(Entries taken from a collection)
+ + + +

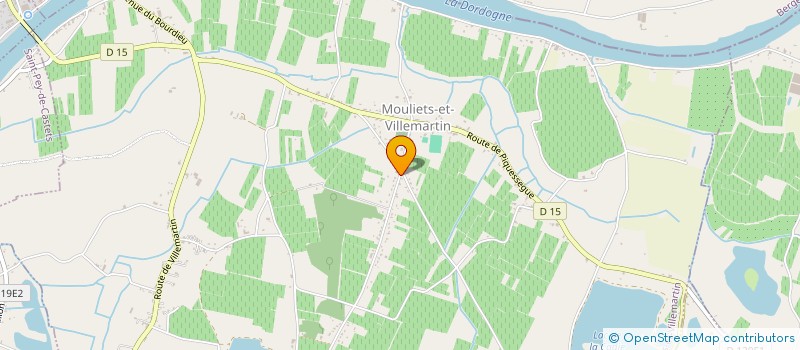 localisation de l'entreprise SAMJEN  MOULIETS-ET-VILLEMARTIN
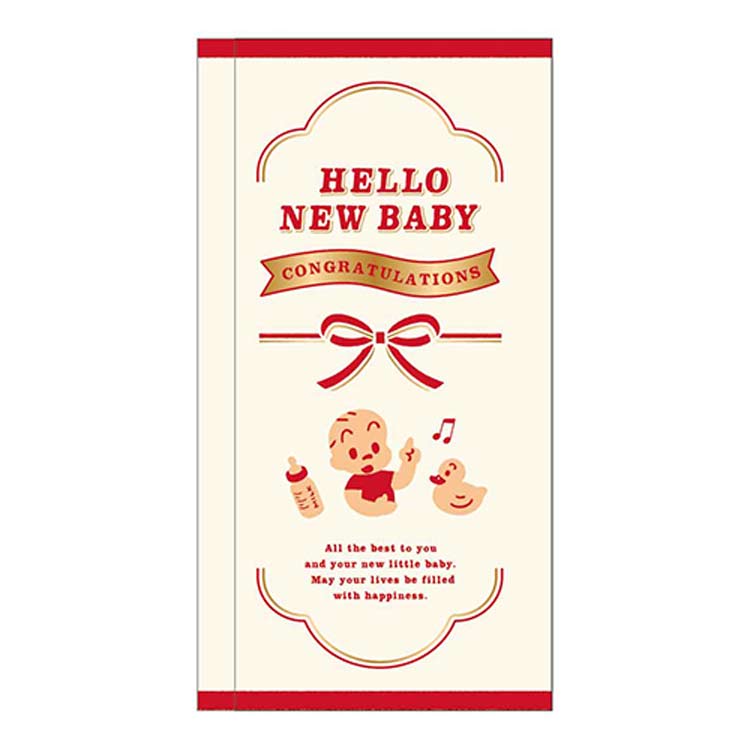 オサムグッズ ご祝儀袋 ご出産お祝い 013597 お祝い袋 熨斗袋 金箔押し OSAMU GOODSのサムネイル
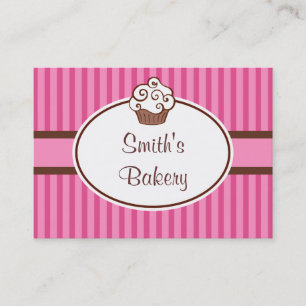 Custom Cupcake Business Cards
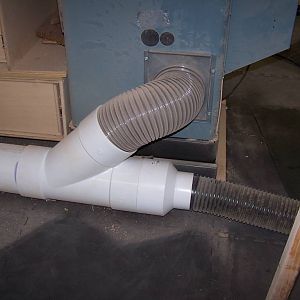 Tablesaw and jointer connections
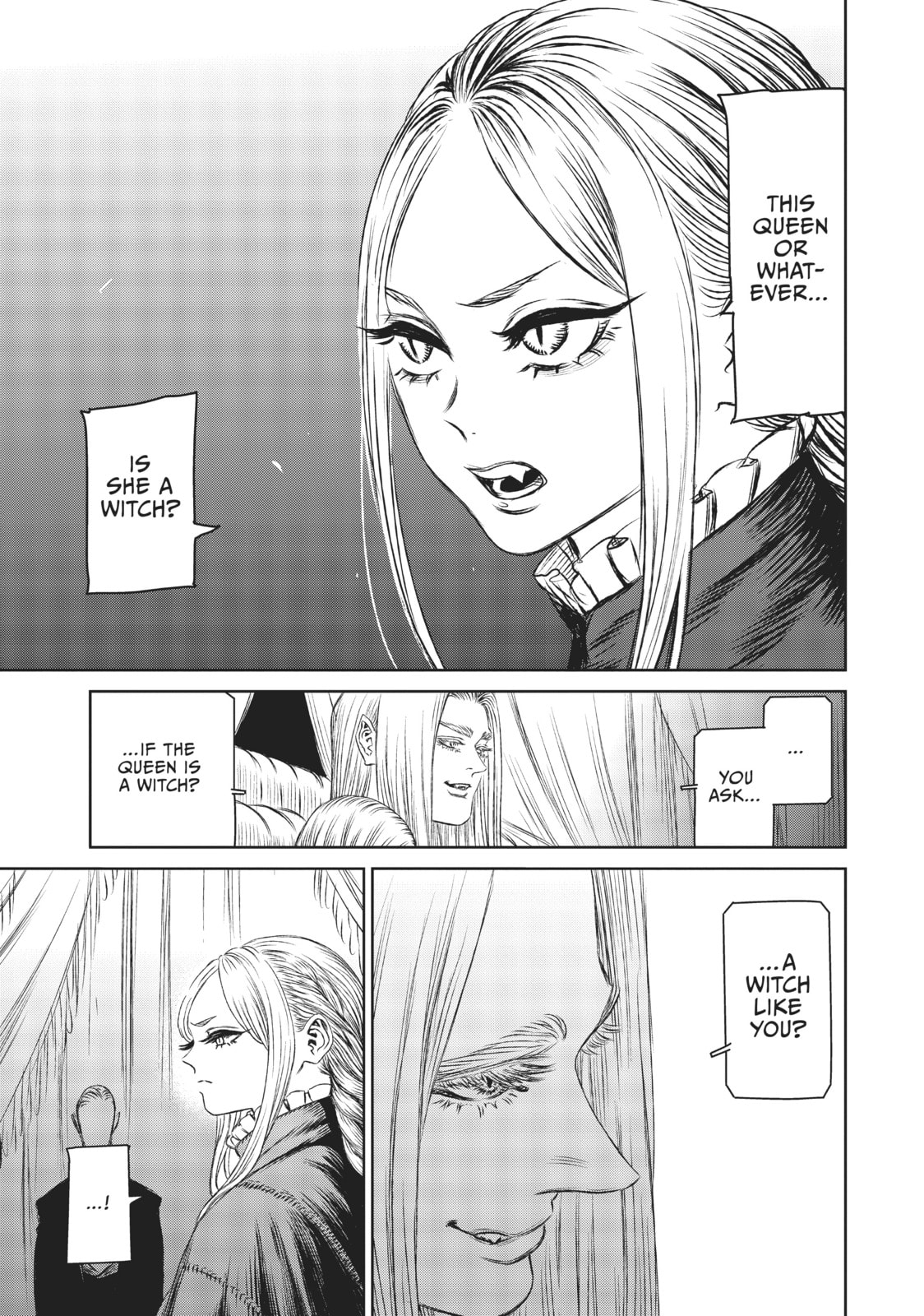 Read The Witch and the Beast EN Manga Online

+ + + +

**The task:**
Print exactly, and print only, the lines from the line with "Custom Cupcake Business Cards" through the last line of the entries, both ends included. No pictures belong in the result.

**Task answer:**
 Custom Cupcake Business Cards
 Tablesaw and jointer connections
 Read The Witch and the Beast EN Manga Online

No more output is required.